Best Practices for Text Annotation with Large Language Models

Petter Törnberg
2024-02-05
Abstract:Large Language Models (LLMs) have ushered in a new era of text annotation, as their ease-of-use, high accuracy, and relatively low costs have meant that their use has exploded in recent months. However, the rapid growth of the field has meant that LLM-based annotation has become something of an academic Wild West: the lack of established practices and standards has led to concerns about the quality and validity of research. Researchers have warned that the ostensible simplicity of LLMs can be misleading, as they are prone to bias, misunderstandings, and unreliable results. Recognizing the transformative potential of LLMs, this paper proposes a comprehensive set of standards and best practices for their reliable, reproducible, and ethical use. These guidelines span critical areas such as model selection, prompt engineering, structured prompting, prompt stability analysis, rigorous model validation, and the consideration of ethical and legal implications. The paper emphasizes the need for a structured, directed, and formalized approach to using LLMs, aiming to ensure the integrity and robustness of text annotation practices, and advocates for a nuanced and critical engagement with LLMs in social scientific research.
Computer Science
What problem does this paper attempt to address?

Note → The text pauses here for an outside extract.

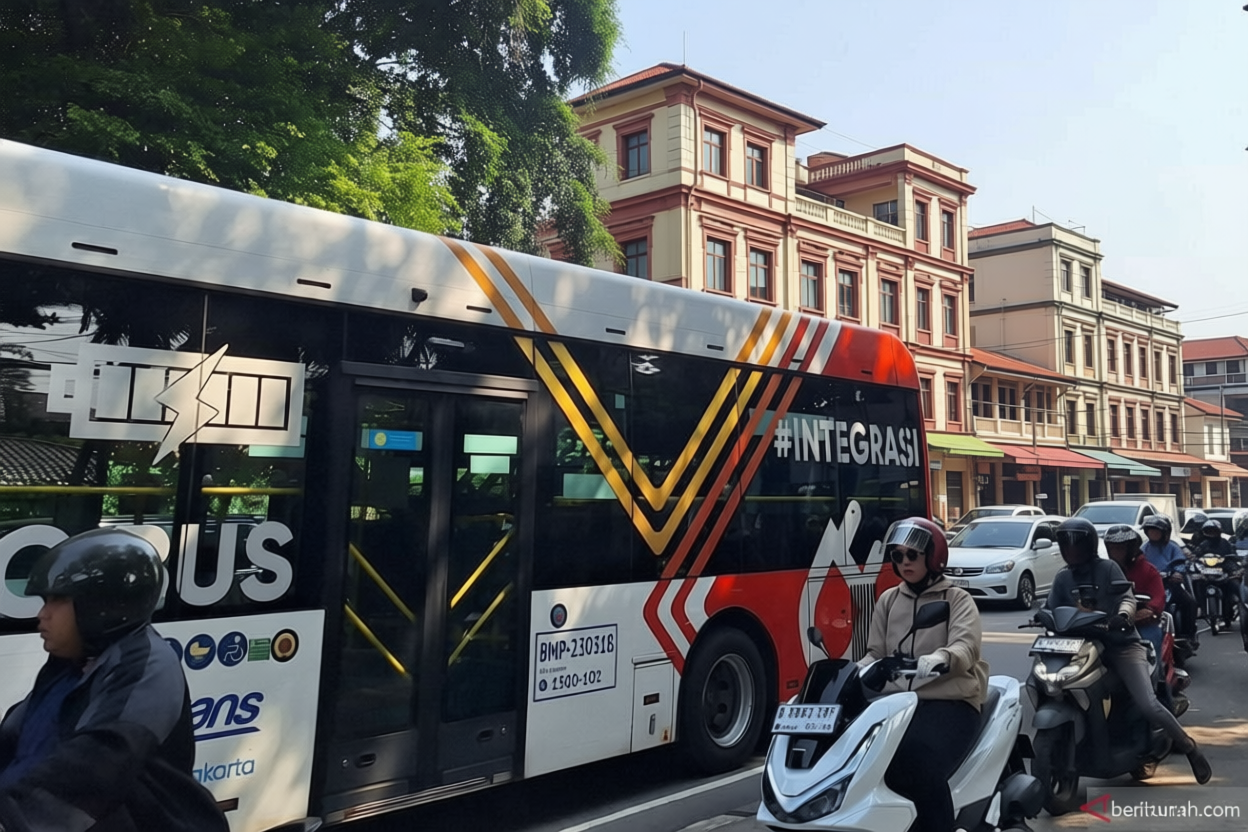 Transjakarta kembali beroperasi usai jalan Lenteng Agung dibuka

This paper addresses the lack of standards and best practices when using large language models (LLMs) for text annotation. With the widespread use of LLMs in text analysis, concerns about research quality, bias, and reliability arise due to the lack of uniform guidelines. The paper proposes a comprehensive set of standards and best practices, including model selection, prompt engineering, model validation, etc., aiming to ensure the reliability, reproducibility, and ethical use of LLMs in social science research. The paper emphasizes the need for structured, directed, and formal approaches to utilizing LLMs and advocates for a nuanced and critical understanding of LLMs.